« Est et demeure pour compter de la date de signature de la présente décision, interdite sur l’ensemble de l’arrondissement de Yaoundé II, notamment à l’hôtel Massao, la cérémonie publique de mariage non déclarée prévue le vendredi 14 août 2020 par sieur Biloa Effa, officier du centre d’état civil secondaire de Messa Nkoaba’a en disgrâce », signe Mamadi Mahamat, le sous-préfet du deuxième arrondissement de Yaoundé, le 13 août 2020. Pour motiver sa décision, l’autorité administrative évoque : « défaut de déclaration de manifestation (cérémonie publique) ; défaut de qualité du secrétaire d’état civil, sieur Lewoua Valentin ; et défaut de publication de mariage ». Pour Mamadi Mahamat, « tout contrevenant aux dispositions de la décision s’expose aux sanctions prévues par la loi ».
La loi n°90/055 du 19 décembre 1990 fixant le régime des réunions et des manifestations publiques, en son article 6 stipule que : « sont soumis à. l’obligation de déclaration préalable, tous les cortèges, défilés, marches et rassemblements de personnes et, d’une manière générale, toutes les manifestations sur la voie publique ». D’autre part l’article 8 dispose : « le sous-préfet qui reçoit la déclaration en délivre immédiatement récépissé.
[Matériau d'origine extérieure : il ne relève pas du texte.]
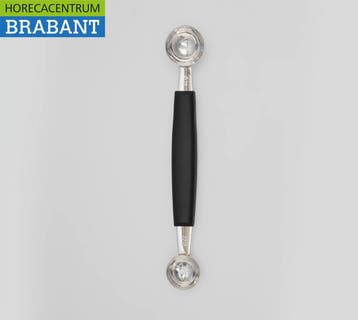 Meloenbolletjeslepel 22/25 mm Horeca, Ophalen of Verzenden, Nieuw in verpakking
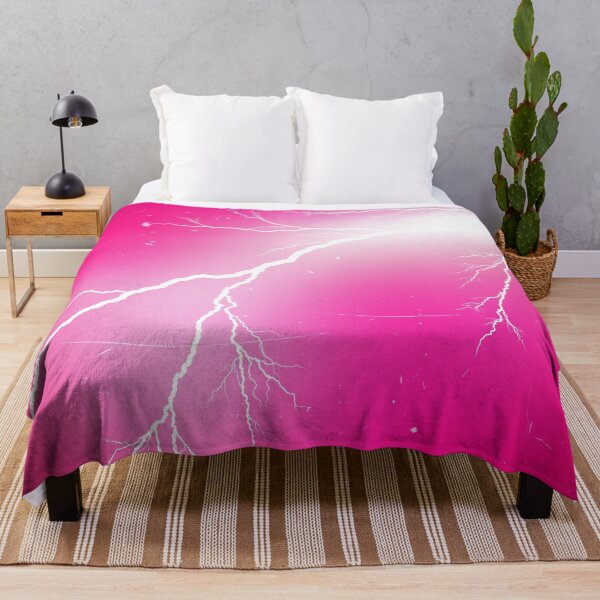 Item preview, Pink lightning designed and sold by Zip-Zup.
Toutefois, s’il estime que la manifestation projetée est de nature à troubler gravement l’ordre public, il peut, le cas échéant : lui assigner un autre lieu ou un autre itinéraire ; interdire par arrêté qu’il notifie immédiatement au signataire de la déclaration au domicile élu ». En complément, l’article 231 du Code pénal dispose : « est puni d’un emprisonnement de quinze (15) jours à six (06) mois et d’une amende de cinq mille (5 000) à cent mille (100 000) francs. celui qui : participe à l’organisation d’une réunion publique qui n’a pas été préalablement déclarée ; fait une déclaration de nature à tromper les autorités sur les conditions ou l’objet de la réunion ; avant le dépôt de la déclaration ou après l’interdiction légale d’une manifestation, adresse, par quelque moyen que ce soit, une convocation pour y prendre part ; fait une déclaration incomplète ou inexacte de nature à tromper sur les conditions de la manifestation projetée. Est puni des peines prévues à l’alinéa 1 ci-dessus, l’organisateur de toute manifestation publique sans déclaration requise ou après notification de l’interdiction légale ».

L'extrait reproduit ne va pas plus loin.